LAS VEGAS -- Super Mobility Week -- AT&T's Kris Rinne says that the carrier is working with several other operators on enabling direct voice-over-LTE calls between their networks.
Rinne, senior vice president of network and product planning at AT&T Inc. (NYSE: T), was nominally at the re-branded CTIA show to talk in her role as the chairperson of the 4G Americas board of governors -- of which, more later. It seemed like a good opportunity, however, to ask a little about AT&T's VoLTE progress.
Particularly as Apple Inc. (Nasdaq: AAPL) has just unveiled the iPhone 6 with VoLTE onboard. Samsung Corp. 's Galaxy S5 is one of the devices that already has the 4G voice capability, Rinne noted. (See Apple's New iPhones Have 20 LTE Bands, VoLTE).
"We've already got several compatible devices available already, and more coming for the holidays," Rinne says.
AT&T said in May that it is launching VoLTE in selected areas of Illinois, Indiana, Minnesota and Wisconsin. "We primarily started in the Chicago area," Rinne tells Light Reading.
AT&T is taking a market-by-market upgrade approach with VoLTE. "We can do that because we have handover capabilities with the UMTS network," she says.
What she means is that GSM-based carriers such as AT&T and T-Mobile US Inc. are able to use a newer feature of LTE called single-radio voice call continuity (eSRVCC) that allows users to move between VoLTE and a 2G/3G connection without dropping the call. Rival Verizon Wireless is instead doing a VoLTE launch across its full 4G footprint, because eSRVCC isn't available for CDMA-based networks.
Nonetheless, AT&T still has to do work with each LTE market to ensure it can support VoLTE. Rinne explains that, in particular, in today's LTE network the download rates tend to much higher than the upload rates. "In a VoLTE environment that needs to be symmetrical," she notes. The operator is adding in e911 emergency call support as it moves between markets.
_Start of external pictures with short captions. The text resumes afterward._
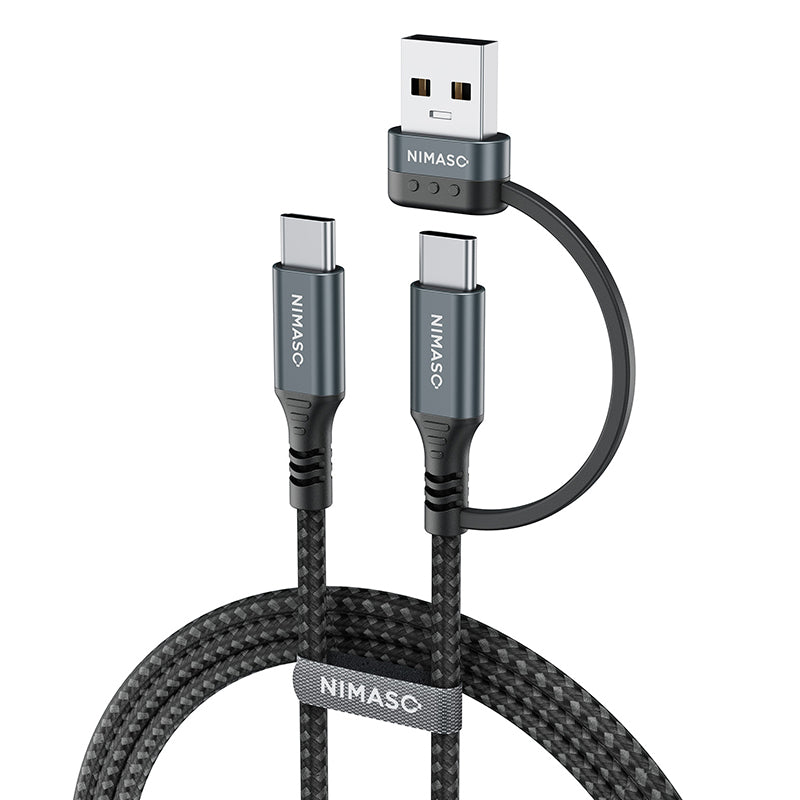 NIMASO USB Type-C to Type-C & USB-A 2in1 充電ケーブル PD対応100W急速充電 1本/2本入り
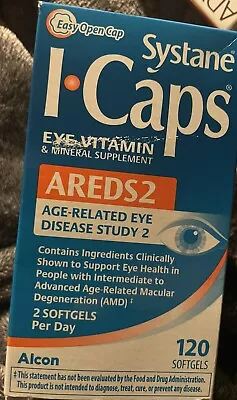 Systane ICaps Eye Vitamin AREDS 2 Age Related 120 Soft Gels Free Shipping • $74.98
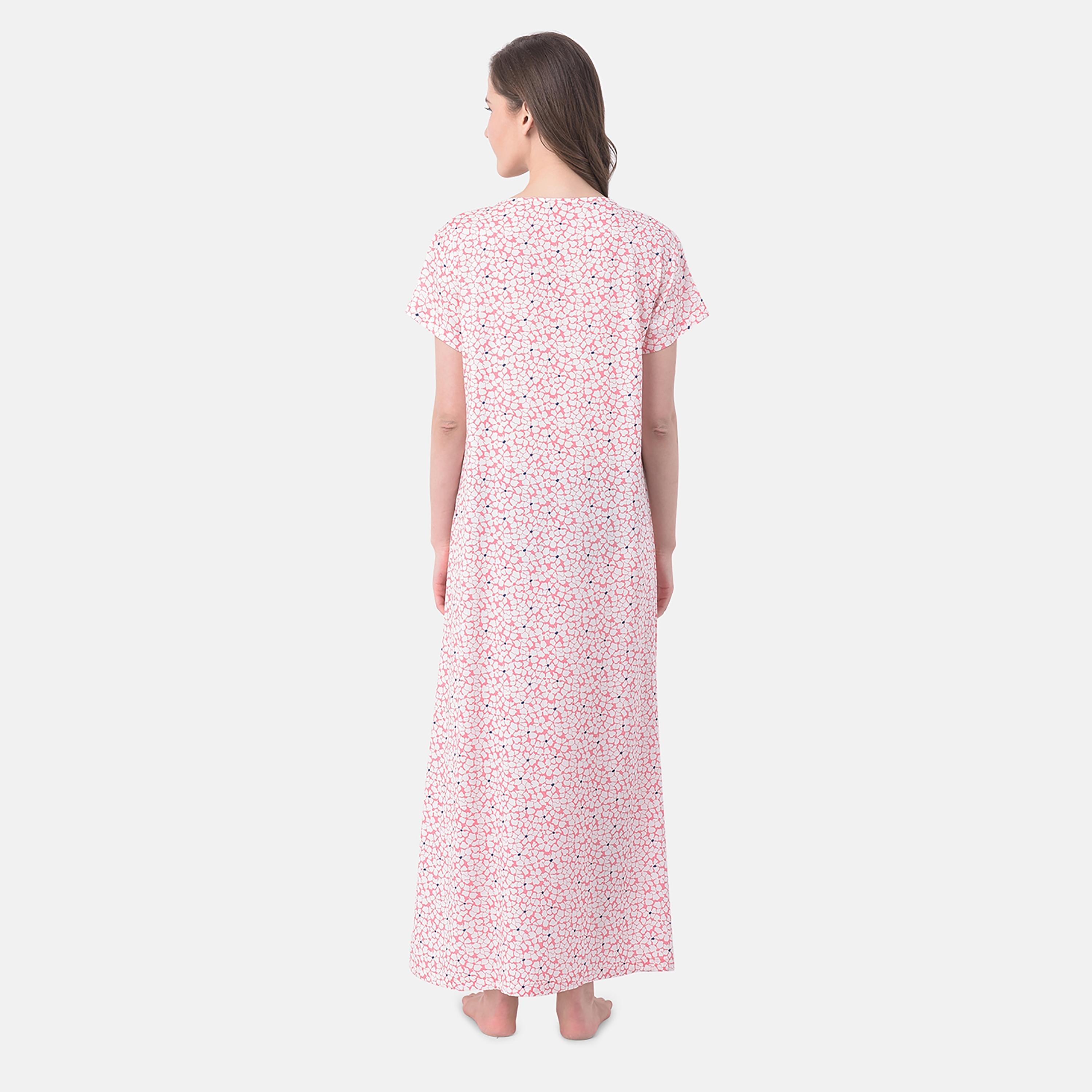 Clovia Floral Round Neck Long Night Dress-women-clothing-nightwear-nighties-image-5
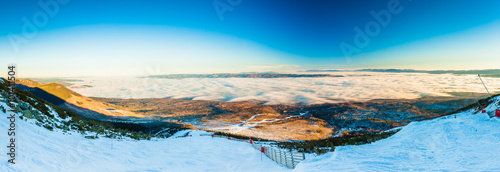 TATRANSKA LOMNICA, SLOVAKIA - DEC 23, 2015: Panoramic view of sk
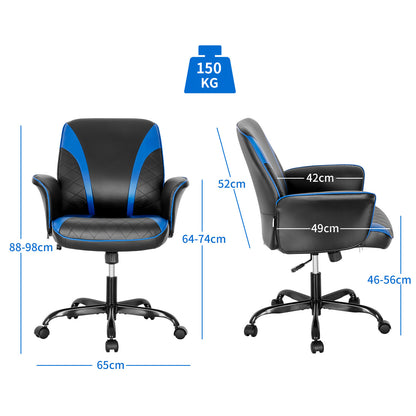 Ergonomic Office Computer Desk Chair with Adjustable Height-Blue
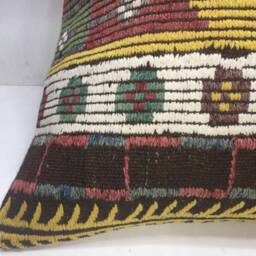 Vintage Turkish Kilim Pillow Cover, Handwoven Accent Cushion - 24x24 - thumbnail 3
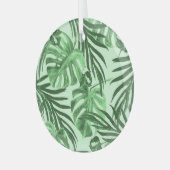 熱帯葉の花と花、水彩パターン。 ガラスオーナメント (正面左)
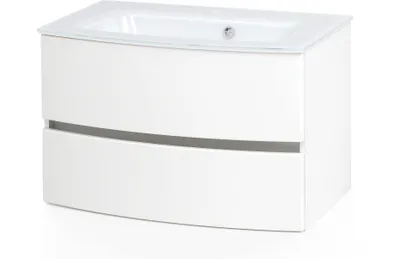 Produktbild von Waschtisch Waschbecken Badschrank Badtisch "Kopenhagen I" Weiß, Matt Weiß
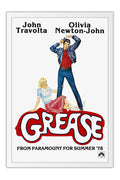 Poster Grease nos Tempos da Brilhantina John Travolta - Vintage - Filmes - Moldura branca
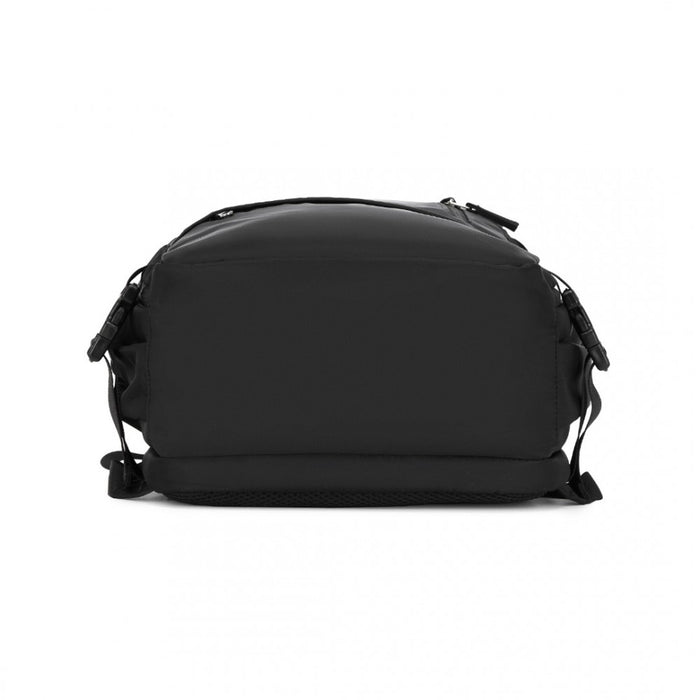 Traveler's Backpack with Detachable Waist Pack and Integrated USB/Type-C Charging Ports – Black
VoLTE will also require a raft of new interoperability work, because without SIP trunking agreements and other tweaks, you can't make VoLTE calls to other operators' networks right now. Rinne says that AT&T is doing "lab-to-lab tests" on VoLTE interoperation right now with several operators. She states that such interoperability will benefit the whole industry.
"That is something that we're working across the industry on -- getting that all-IP interoperability."
VoLTE is further on at AT&T than multicast video at the moment. eMBMS (evolved Multimedia Broadcast Multicast Services) -- also known as multicast or broadcast LTE -- allows an operator to stream video to many more users than the network can support today.
"We've been doing some technology evaluation in that regard," Rinne says. "That's a 2015 or 2015-plus timeframe for us."
So, Rinne is not going to be the one spearheading that work, as she has with much of AT&T's LTE development so far and network upgrades before that. It was recently confirmed that Rinne plans to retire at the end of November. (See AT&T's Kris Rinne to Retire.)
She tells us that she isn't planning to look for another role in tech after she leaves AT&T: "I already have the best job." she says.
"I really hope to be able to take some of the technology and management skills I’ve learned at AT&T and use them to help give back to the community and my church," she tells Light Reading.